What to produce
Return the data exactly, without pictures.

Material provided
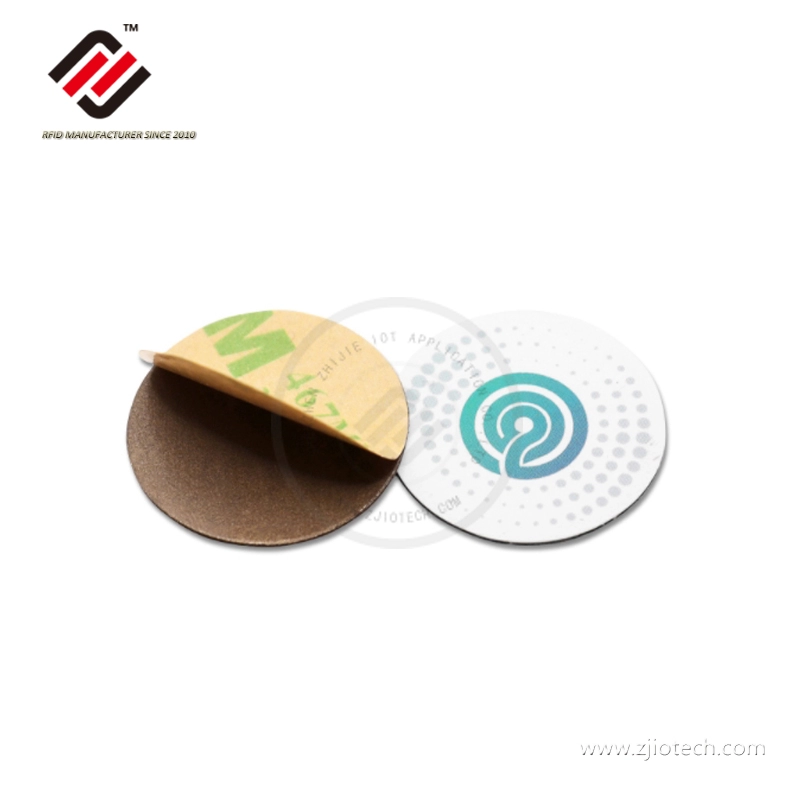 Anti-Metal 13.56MHz Sert PVC NFC Etiketi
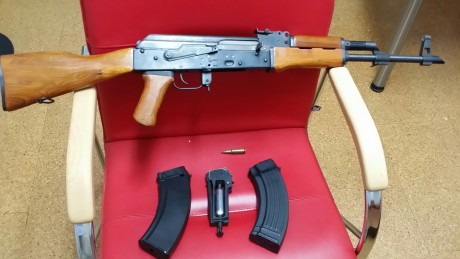 Hola.

Pongo a la venta lo que creo que es una rareza: un AK-47 cybergun de co2 para ballines de acero 11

Solution for this exercise
 Anti-Metal 13.56MHz Sert PVC NFC Etiketi
 Hola.

Pongo a la venta lo que creo que es una rareza: un AK-47 cybergun de co2 para ballines de acero 11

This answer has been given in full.